C’est pour résoudre ce genre de difficultés que la musique savante occidentale s’est peu à peu dirigée, au XVIIIe et XIXe siècle, vers l’adoption du tempérament égal, qui rend toutes les tonalités équivalentes, en se situant en dehors des résonances naturelles. Là où les différents rapports de résonance donnent au moins deux valeurs pour une note donnée, la gamme tempérée égale n’en donne qu’une, toujours la même.
Les musiciens dont l’instrument permet d’entendre les rapports de résonance (par exemple la famille du violon, du fait des cordes à vide) et de jouer les nuances d’intonation, vont pouvoir jouer tantôt l’une tantôt l’autre nuance de la note, de façon plus ou moins consciente et suivant le contexte, mais en considérant que c’est la même note (sauf quand elle change de nom par rapport enharmonique : ainsi on considèrera qu’un Si bémol est différent d’un La dièse). Dans un contexte dominé par les instruments à son fixe, la solution sera de systématiser l’usage du vibrato, ce qui brouillera tout et « absorbera » les différences d’intonation, entre par exemple le violon et le piano.
En revanche, dans un contexte modal, on pourra utiliser consciemment ces nuances d’intonation, en les considérant comme deux notes différentes, ou comme deux places possibles, différentes et bien repérées, pour une note (notion de sruti en musique indienne). On pourra donc construire des modes aux climats différents suivant la valeur qu’on donne à tel ou tel degré. En revanche le passage d’un mode à un autre, d’une tonalité à une autre pourra éventuellement nécessiter un réaccordage partiel ou total de l’instrument, pour retrouver de nouveaux rapports de résonance (par exemple le déplacement de ligatures sur un manche de luth).

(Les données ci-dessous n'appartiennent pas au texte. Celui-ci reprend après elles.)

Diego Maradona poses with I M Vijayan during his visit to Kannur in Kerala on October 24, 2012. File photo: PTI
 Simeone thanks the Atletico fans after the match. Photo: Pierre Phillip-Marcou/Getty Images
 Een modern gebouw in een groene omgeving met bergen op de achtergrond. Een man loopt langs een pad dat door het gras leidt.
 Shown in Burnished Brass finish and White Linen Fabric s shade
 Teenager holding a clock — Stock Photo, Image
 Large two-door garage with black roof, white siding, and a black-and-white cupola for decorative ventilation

  • 5.2.3) LE PROBLÈME DES SOURCES ÉCRITES

On voit par là que les notations musicales des collecteurs du XIXe et du début du XXe siècle, si précieuses pour nous avoir sauvé un véritable trésor de mélodies traditionnelles, ne peuvent nous renseigner sur ces nuances modales exactes, et donc sur la couleur musicale. La notation solfégique habituelle ramène de force la mélodie entendue dans une division ton/demi-ton, et reste muette sur les écarts réellement chantés, dont le rendu sonore peut en être très éloigné. Les notateurs n’avaient pas toujours les outils théoriques pour conceptualiser ce qu’ils entendaient, car l’ethnomusicologie n’avait pas encore permis d’avoir une vision large et relative de la diversité des systèmes musicaux à travers le monde. En tout cas, certains collecteurs étaient bien conscients de l’écart entre leurs notations et les intervalles réels des chanteurs traditionnels, et l’ont parfois même formulé très clairement dans leurs publications. J’en donne ici un exemple pris dans l’introduction du recueil « Chansons populaires dans le Bas-Berry » d’Emile Barbillat et Laurian Touraine (1930, réédité en 1997) :

« Enfin, la musique berrichonne présente certains effets que la notation ordinaire est incapable de rendre, des notes indécises qu’on ne sait où placer, des intervalles qu’on serait tenté de juger faux parce qu’ils ne correspondent à rien de ce qu’on a l’habitude d’écrire sur les portées. Nous nous excusons humblement auprès de nos lecteurs de n’avoir pu traduire avec les sept notes de la gamme, même affublées de dièses et de bémols, ces particularités (quarts, trois-quarts de ton, etc…) et de les avoir remplacées par ce qui nous a paru en être le plus approchant. »
(je remercie Evelyne Girardon de m’avoir rappelé ce passage en le citant sur son site « Compagnie Beline  », dans un beau texte sur le bourdon .) Cf. aussi plus loin le texte sur les Demi-dièses et demi-bémols #DB

Si nous parvenons à nous réapproprier cette dimension sonore, alors pourrons-nous rendre chair et vie au squelette musical fourni par les sources écrites. Nous ne pouvons pas évaluer dans quelle mesure le son des anciens chanteurs et musiciens populaires a pu évoluer, entre l’époque des collectages écrits et celle des collectes enregistrées ; toutefois, les enregistrements (et les rencontres), même plus récentes, nous donnent souvent des témoignages de couleurs et d’esthétiques non académiques, qui constituent au moins un exemple précieux pour refaire sonner des mélodies mortes. L’écoute, l’imprégnation, la sensibilité sont ici nos outils, de même que l’analyse objective des hauteurs microtonales, ainsi que les aperçus que nous pouvons avoir d’autres traditions musicales.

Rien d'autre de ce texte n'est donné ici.